*WHAT NEEDS TO BE DONE*. Required from the data below: the exact lines starting at the line containing "HP OmniBook 5 Laptop Next Gen AI 16-cd0075cl" and ending at the line containing "Продам айфон 13 iphone 13", with both ends kept and all pictures dropped.

(SUPPLIED RECORDS)

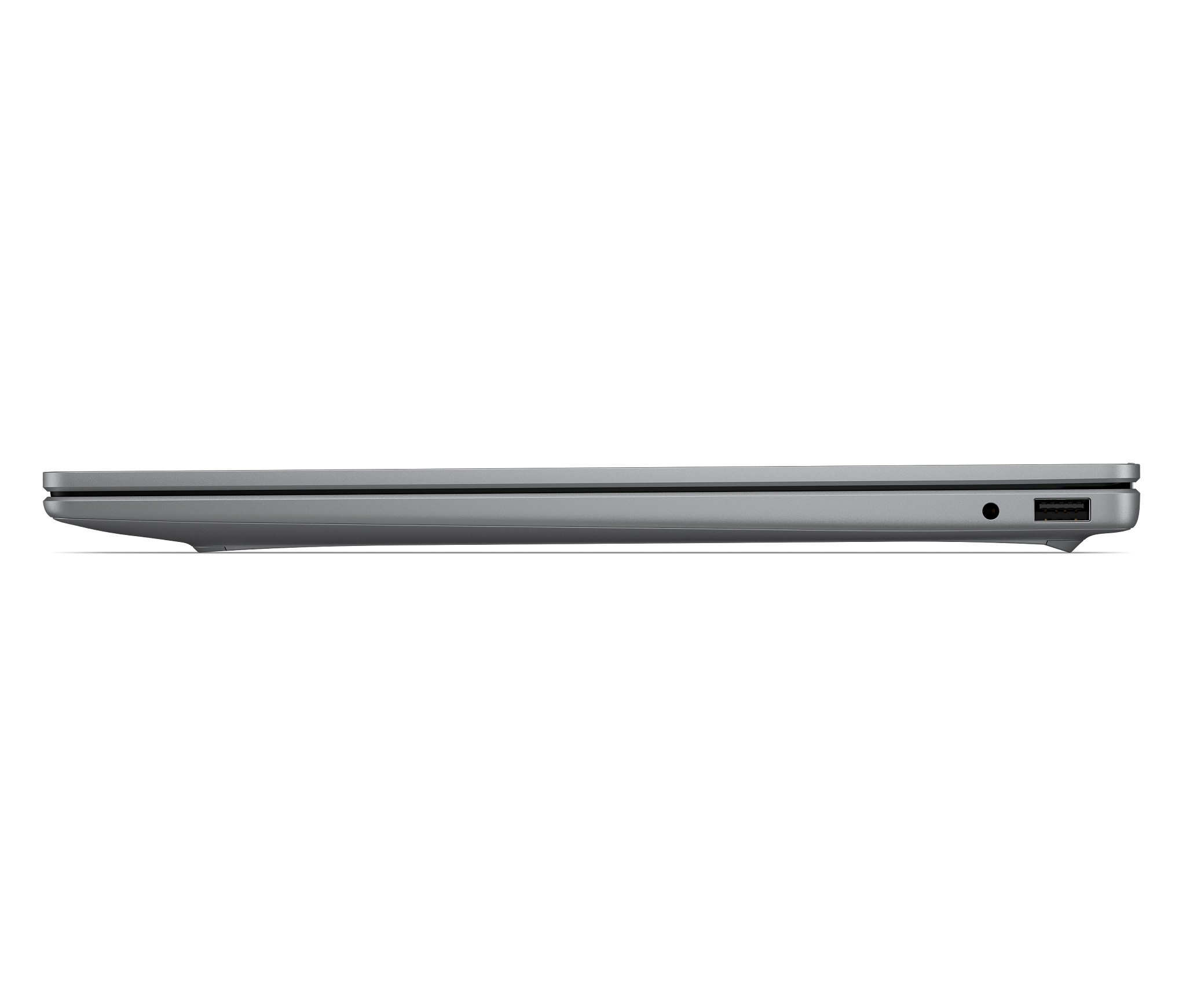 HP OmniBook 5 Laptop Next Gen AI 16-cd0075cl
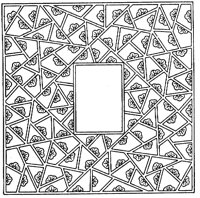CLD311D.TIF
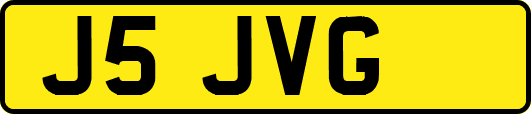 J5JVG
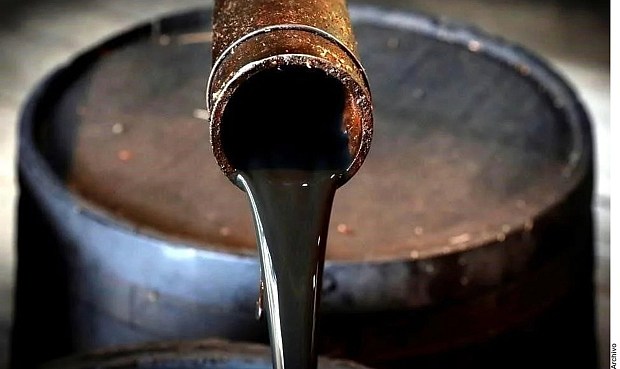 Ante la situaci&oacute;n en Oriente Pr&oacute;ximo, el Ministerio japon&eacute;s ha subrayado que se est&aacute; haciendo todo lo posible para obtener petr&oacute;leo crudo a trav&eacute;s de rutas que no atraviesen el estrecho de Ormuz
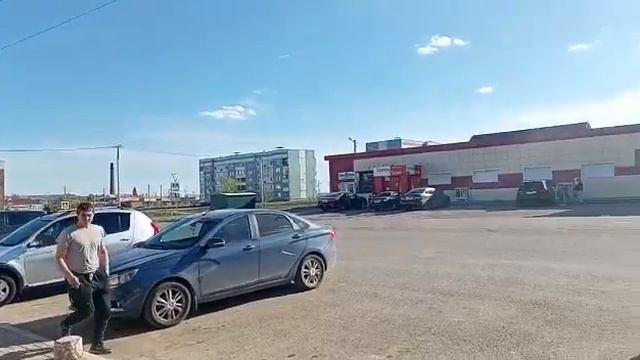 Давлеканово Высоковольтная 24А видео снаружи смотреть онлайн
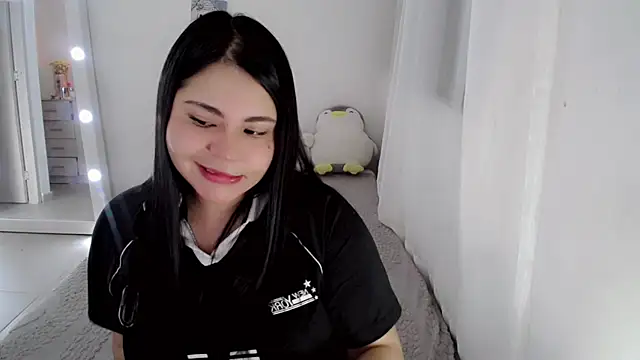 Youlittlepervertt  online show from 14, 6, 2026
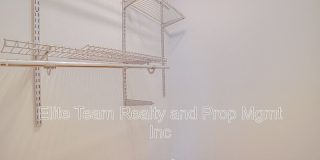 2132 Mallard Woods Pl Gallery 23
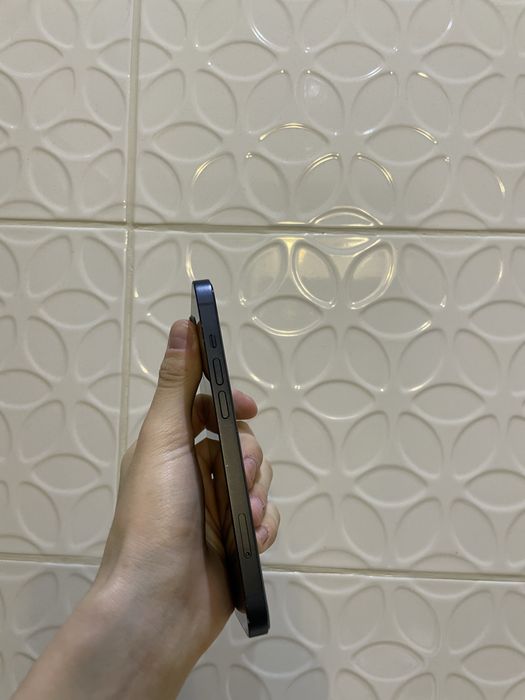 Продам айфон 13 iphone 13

(End SUPPLIED RECORDS)
(SUPPLIED RECORDS)

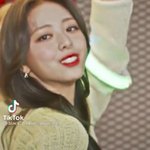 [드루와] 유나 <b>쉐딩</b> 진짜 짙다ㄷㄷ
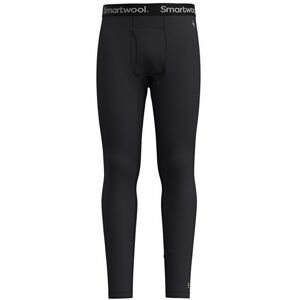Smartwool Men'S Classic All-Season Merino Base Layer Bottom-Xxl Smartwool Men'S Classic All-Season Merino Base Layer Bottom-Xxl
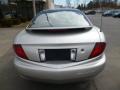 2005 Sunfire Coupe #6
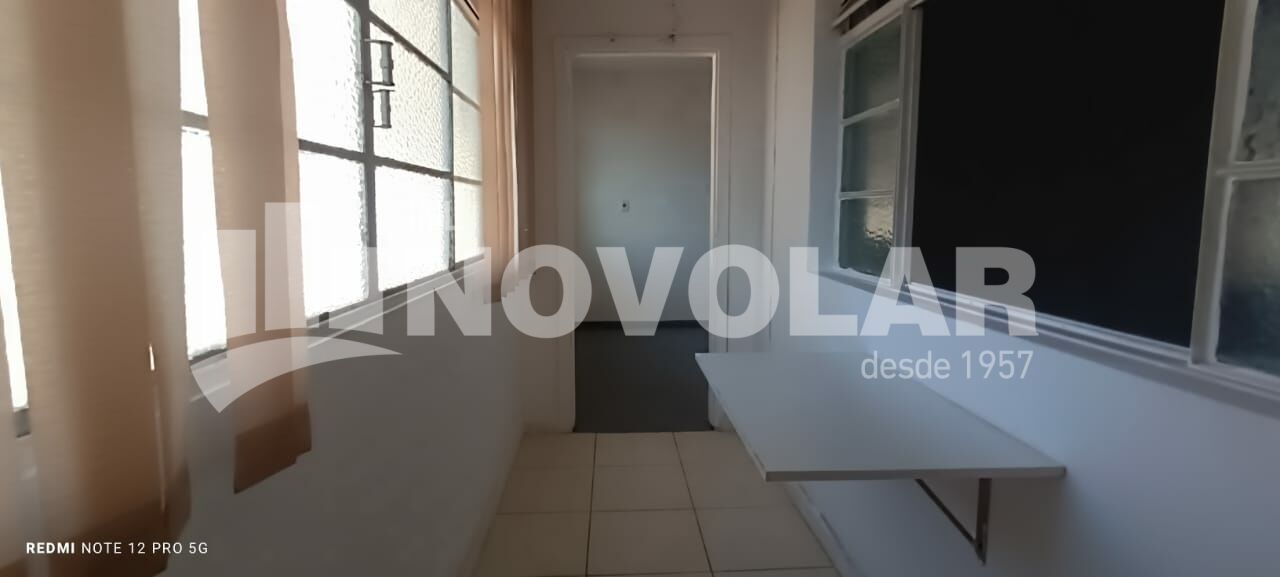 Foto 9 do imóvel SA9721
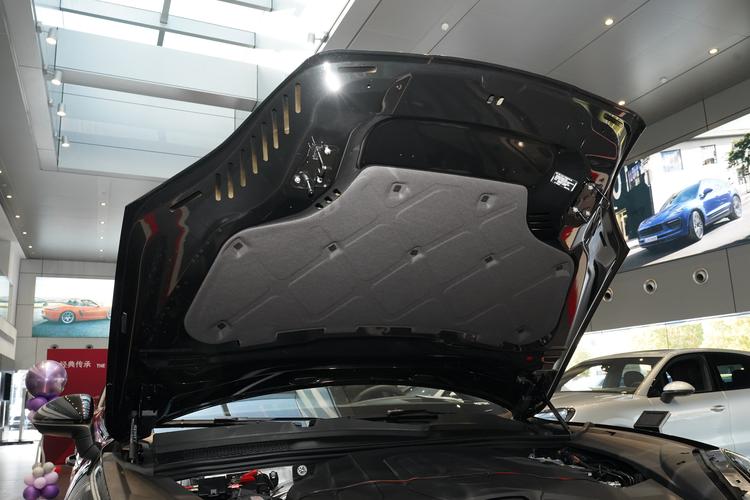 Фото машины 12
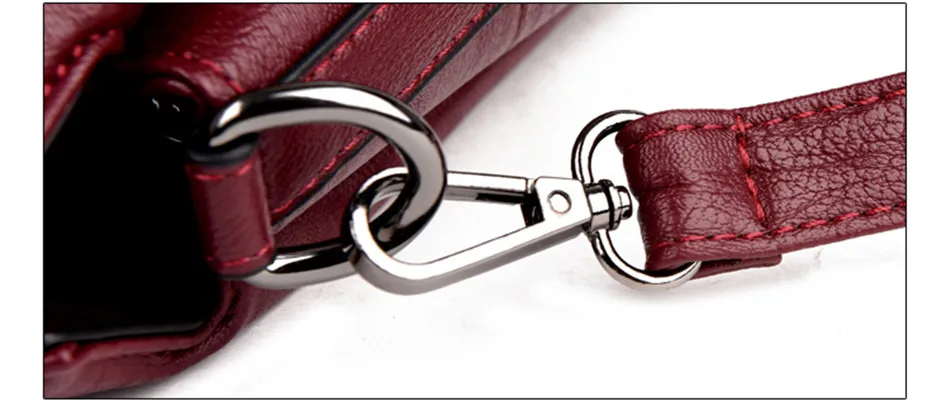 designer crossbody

(End SUPPLIED RECORDS)

*ANSWER TO THIS TASK*.
 HP OmniBook 5 Laptop Next Gen AI 16-cd0075cl
CLD311D.TIF
 J5JVG
 Ante la situaci&oacute;n en Oriente Pr&oacute;ximo, el Ministerio japon&eacute;s ha subrayado que se est&aacute; haciendo todo lo posible para obtener petr&oacute;leo crudo a trav&eacute;s de rutas que no atraviesen el estrecho de Ormuz
 Давлеканово Высоковольтная 24А видео снаружи смотреть онлайн
 Youlittlepervertt  online show from 14, 6, 2026
 2132 Mallard Woods Pl Gallery 23
 Продам айфон 13 iphone 13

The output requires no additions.